NOTE: to use this radio on Ham frequencies in a non-emergency, you need your Ham license. This will be written from a SHTF POV and not from the view of an experienced Ham operator that would understand how most of the features already work.
When my radio came, it included the main radio, an earpiece mic, a rechargeable battery pack, rubber ducky antenna, charging dock, wrist strap, belt clip and the most useless manual ever .
I screwed on the antenna, found a small phillips head screwdriver to attach the belt clip, tossed on the wrist strap, clipped in the battery and finally set it in the charging dock. Total time, about 5 minutes. While the battery charged, I opened up the manual. About 5 minutes later I was googling how to program the unit because the manual was pretty damn useless. I came across this site and boy, it’s been a lifesaver: http://www.miklor.com/uv5r/ It helped me understand the menu options, how to program it and everything else about the radio.
Once the unit was fully charged, I set about learning it’s features and start programming it with some basic frequencies.
Features for the average user
This radio is a dual band HAM radio, and operates in the frequency ranges of 136-174 and 400-480MHz (2 meter and 7cm bands). That means you have access to the 2 most popular radio bands for Ham – perfect for SHTF situations. It also handles FRS (family walkie talkies) and GMRS (advance version of FRS basically that is for commercial use and requires a license) frequencies.
The radio can also listen to normal FM radio broadcast – I often use it for listening to local music broadcasts while I’m walking the dog around the neighborhood. This is extremely useful for making sure you can be kept in the loop with news reports, announcements or even just entertainment to keep from being bored.
The radio can also monitor two frequencies, so you can keep it on your normal comms channel and still listen in on another. This is incredibly useful when you consider that the frequencies this radio handles means it can be used as a scanner to monitor police, fire, airport and other municipal communications. Yet another important feature in a disaster situation.
It even has a built in flashlight – always handy.
Programming the radio
This is the one crappy part about the radio. Sigh. So programming it via keypad isn’t the easiest thing to do, and if I had to program a bunch of channels, I absolutely would NOT do it via the keypad. I can do it pretty easily now, but it’s tedious as hell. Instead, what I do is use a USB cable (sold separately) and a free program named “Chirp”. Just hook up the cable, turn the radio on, and then tell Chirp to download the radio’s configuration. Edit the configuration and this time telling chirp to send the configuration to the radio. Tada!
I set channel 1 to NOAA (and have it configured to skip it during Scanning mode), channel 2 is my groups primary channel and then most of the rest are repeaters in my area. Some channels I have set aside for use as a Scanner – I have the police, fire, airport, etc, all configured for that (and using Chirp I was able to turn off transmitting for those channels, so I can’t do it accidentally).
Using the radio
In simplex mode, direct radio to radio, I get between 1-3 miles, depending on obstacles, height, etc. Using a repeater though, I can hit close to 30 miles so far. That said, get rid of the rubber ducky antenna that it comes with and add a Nagoya NA-771 or similar antenna for better performance.
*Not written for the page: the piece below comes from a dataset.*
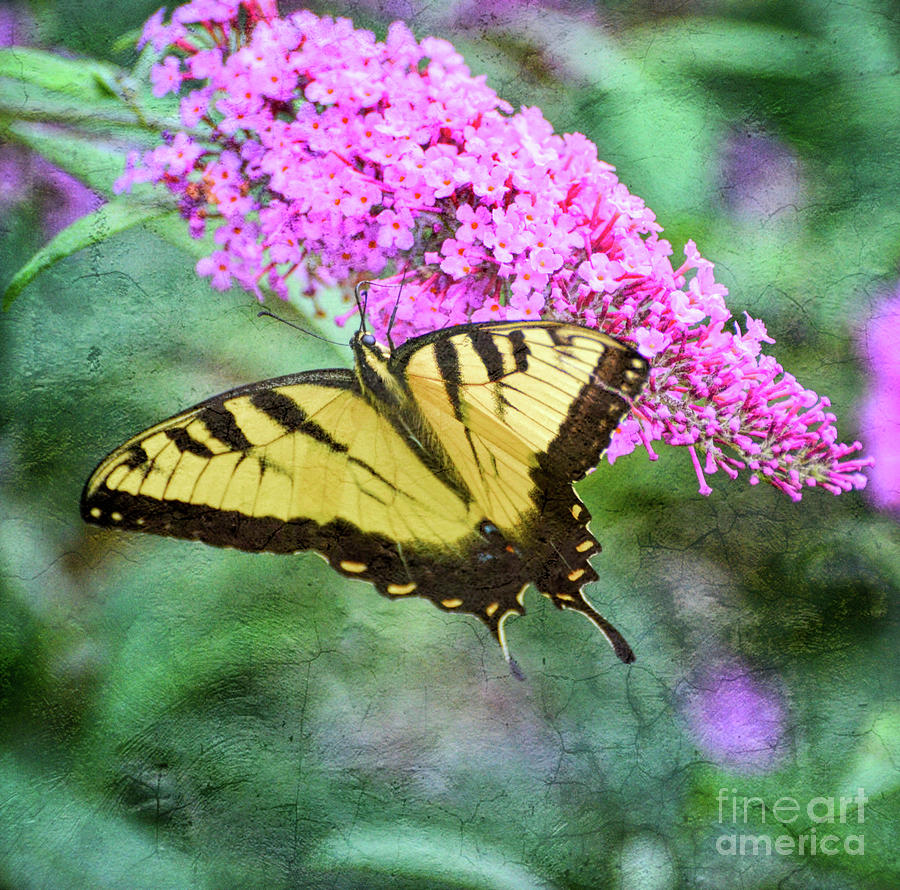 Summer Breeze - Eastern Tiger Swallowtail Butterfly Photograph by Kerri Farley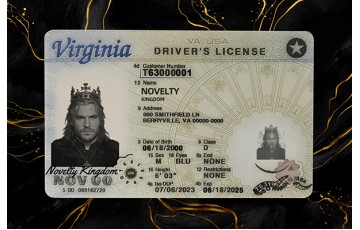 Virginia Fake DL (2025 VERSION)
People hear me loud and clear, and I hear them the same. I generally set Channel A to be my group’s channel and often set Channel B to Scan mode so that if Channel A becomes active, I’ll hear it. On my nightly dog walks around the neighborhood, I tend to activate the FM radio function and listen to some music – what’s nice is if a broadcast comes up on Channel A or B while doing this, it’ll fade out the music and let me hear the broadcast. Shortly after the broadcast is over, it’ll fade my music back in. Nice. And this thing has a flashlight – very useful on my walks!
This is an awesome SHTF/Bug Out radio. It’s cheap at about 1/3 the cost of other similar radios, it works well, has a lot of features, comes with accessories and handles the frequencies you will want in an emergency. I only wish it were waterproof, and was easier to program via keypad, but that’s about it. Overall, this radio is a win.